EXERCISE GOAL:
Entries below include pictures. Output exactly the lines from the one with "his nose. Fotosearch" down to the one with "Teenager caucasian girl", both ends included, and leave the pictures out.

SOURCE DATA:
════════════════
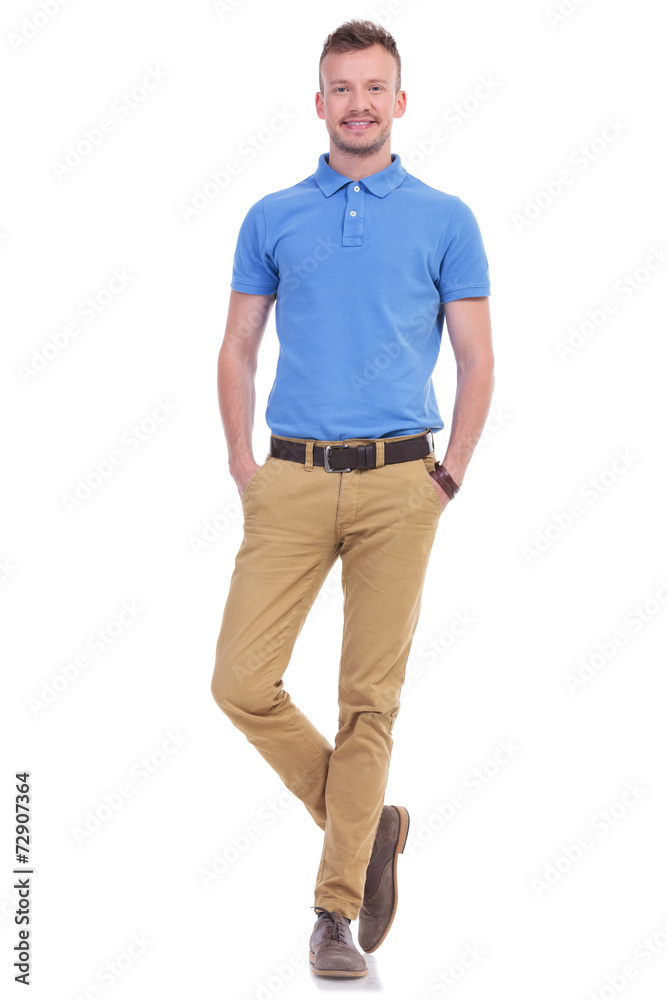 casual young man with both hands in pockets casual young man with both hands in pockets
════════════════
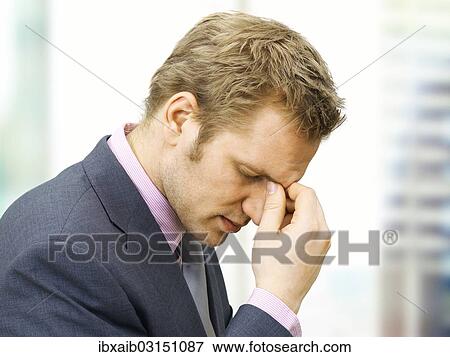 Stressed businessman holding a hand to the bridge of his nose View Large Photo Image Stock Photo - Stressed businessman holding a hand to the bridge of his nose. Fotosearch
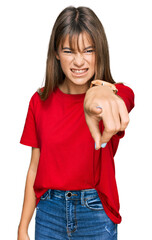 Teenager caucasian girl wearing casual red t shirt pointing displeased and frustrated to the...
════════════════
RESULT:
 Stressed businessman holding a hand to the bridge of his nose View Large Photo Image Stock Photo - Stressed businessman holding a hand to the bridge of his nose. Fotosearch
 Teenager caucasian girl wearing casual red t shirt pointing displeased and frustrated to the...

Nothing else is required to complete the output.